Monument Monday: Edmund Burke
Edmund Burke, the Irish statesman, orator and political philosopher, was also a student of manufacturing in the American colonies.
This statue of Burke — appreciated here as a supporter of the American revolution — stands in a small triangular park at Massachusetts Avenue and 12th Street, NW. According to DCist.com, the Sulgrave Institution—an organization to promote Anglo-American understanding—presented the bronze statue in 1922. (New York Times, Feb. 16, 1922: “British Sulgrave to Send Gifts Here.”) This version is actually a copy of the statue that stands in Bristol, England, the city Burke represented in Parliament. The inscription reads: “Magnanimity in Politics is Not Seldom the Truest Wisdom.”
We took the photo on a walk from Chinatown to Dupont Circle on a stormy evening last week. The park itself is ill-kept and is easily overlooked by drivers along Massachusetts Avenue.
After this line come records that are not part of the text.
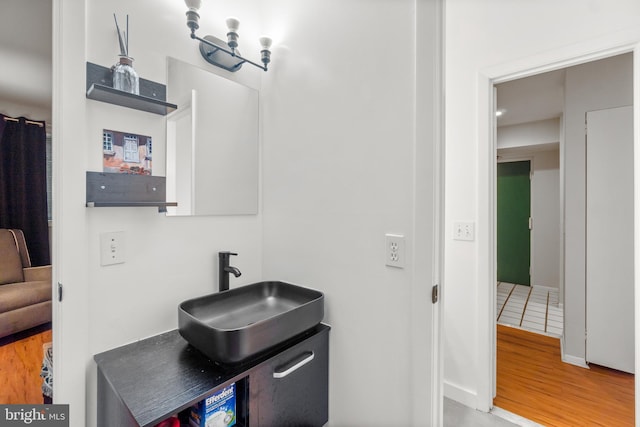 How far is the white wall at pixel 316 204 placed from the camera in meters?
1.00

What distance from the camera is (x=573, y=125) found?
2355 mm

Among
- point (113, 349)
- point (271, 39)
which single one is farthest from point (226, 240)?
point (271, 39)

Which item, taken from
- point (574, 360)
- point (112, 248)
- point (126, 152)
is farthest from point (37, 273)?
point (574, 360)

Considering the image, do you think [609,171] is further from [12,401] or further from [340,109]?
[12,401]

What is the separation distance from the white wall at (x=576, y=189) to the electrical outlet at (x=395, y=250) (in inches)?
84.3

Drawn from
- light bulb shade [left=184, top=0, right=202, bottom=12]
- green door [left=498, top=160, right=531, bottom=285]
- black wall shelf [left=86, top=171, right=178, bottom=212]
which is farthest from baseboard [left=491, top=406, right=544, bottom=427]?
green door [left=498, top=160, right=531, bottom=285]

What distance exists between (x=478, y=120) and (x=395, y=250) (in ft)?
3.93

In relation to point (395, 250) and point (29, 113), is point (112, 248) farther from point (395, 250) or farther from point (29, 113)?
point (395, 250)

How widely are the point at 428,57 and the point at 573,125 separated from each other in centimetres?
207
The connection to manufacturing?
Burke wrote about manufacturing in the 1757 book written with his cousin, William Bourke, “An Account of the European Settlement of America.” For example, Chapter 12 is entitled, “The Commodities of Carolina for Export – Rice, Indigo, Pitch and Tar – Process in Raising and Manufacturing These Commodities.”
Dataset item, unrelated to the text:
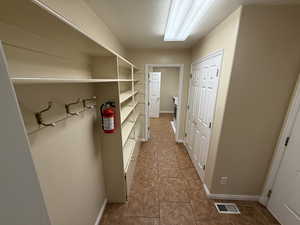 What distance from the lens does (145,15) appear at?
149 centimetres

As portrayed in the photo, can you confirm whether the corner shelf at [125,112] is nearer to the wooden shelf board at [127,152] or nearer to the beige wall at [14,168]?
the wooden shelf board at [127,152]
He also cited the revolutionaries’ attack against manufacturing in a famous Parliamentary speech of Feb. 9, 1790, condemning the excesses of the French Revolution:
The French had shewn themselves the ablest architects of ruin that had hitherto existed in the world. In that very short space of time they had completely pulled down to the ground, their monarchy; their church; their nobility; their law; their revenue; their army; their navy; their commerce; their arts; and their manufactures…[there was a danger of] an imitation of the excesses of an irrational, unprincipled, proscribing, confiscating, plundering, ferocious, bloody and tyrannical democracy…[in religion] the danger of their example is no longer from intolerance, but from Atheism; a foul, unnatural vice, foe to all the dignity and consolation of mankind; which seems in France, for a long time, to have been embodied into a faction, accredited, and almost avowed.
Contemporary conservatism is often said to begin with Burke.